Leah: The flash does have a manual full power mode, and so I can do
that without any trouble. I guess my next question is, Can you recomend
a decent, Inexpensive flash meter. I've never even seen one that I know
of, much less have one. I also have experienced what you have with the
shortening of the learning curve with digital, and thats the only reason
that Im trying this.
TIM
lea wrote:
Tim,
Beginner questions is what it's all about....

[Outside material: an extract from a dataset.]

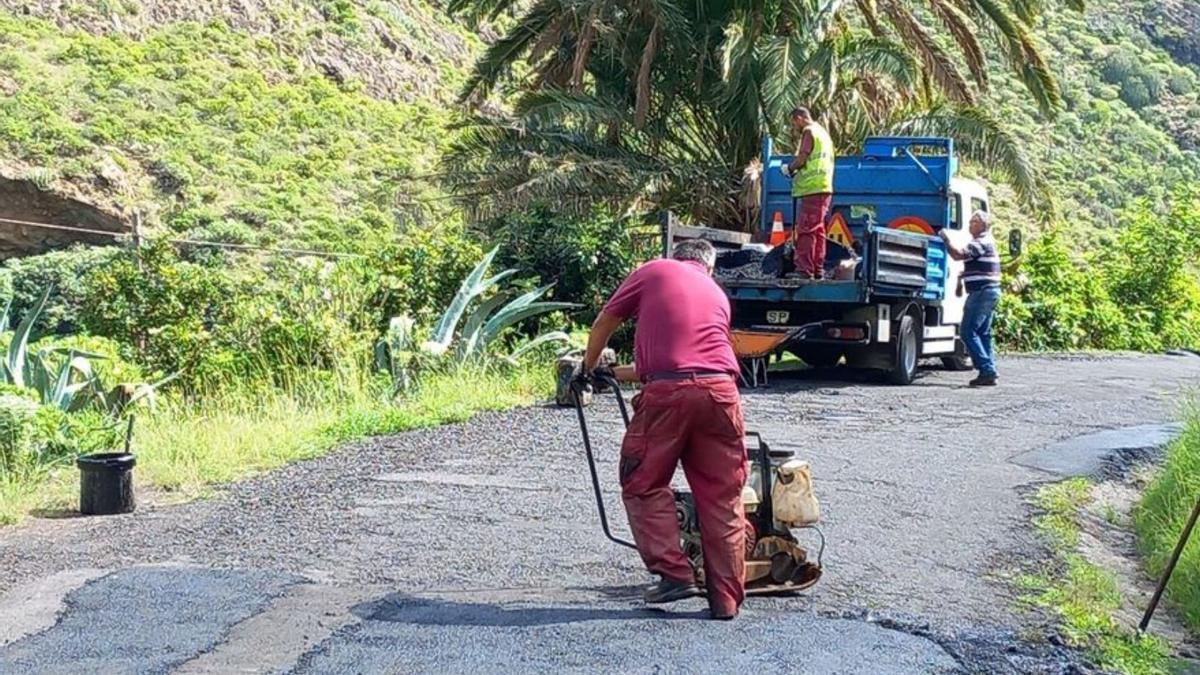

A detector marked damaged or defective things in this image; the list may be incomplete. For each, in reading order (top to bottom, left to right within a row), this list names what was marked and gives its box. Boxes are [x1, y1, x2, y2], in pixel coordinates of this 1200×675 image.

asphalt patch [1012, 422, 1184, 480]
asphalt patch [0, 564, 298, 675]
asphalt patch [296, 596, 960, 675]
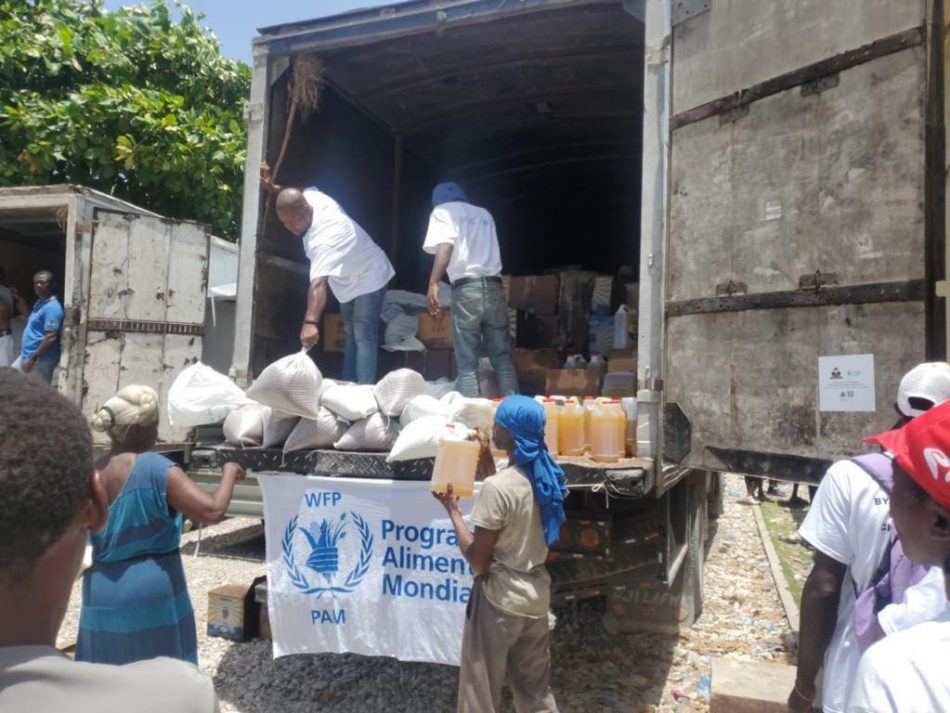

It assumes you are working in manual mode on the camera and with the
flash. You put your flash (IF it has the capability to do this, and it
may not) on manual mode at full power and fire it. Meanwhile, you are
standing where the subject will be standing. Using a flash meter, meter
the light output. If it reads f/11 you then set that as your f/stop on
your camera with a shutter speed of 1/60th or so (not to exceed the
synch speed of your camera).
Really, the best (and damn near only way) to get comfy with this is
simply by doing it. Set it up in your living room, garage, dining room,
wherever you can find space, and fire away. You'll learn quite a lot in
a very, very short period of time. Trust me, that's how I learned it and
now I have a full-fledged studio...prior to doing flash work digitally I
was scared to death of it and only did on-location and natural light
work. The beauty if digital is that you can shoot it and see it and make
corrrections on the fly. The learning curve is dramatically shortened
when you work digitally.
It may be that you'll do this shoot using auto on your flash and that
would be ok, too...just be sure to test it to make certain what you
think you're getting is what you're really getting.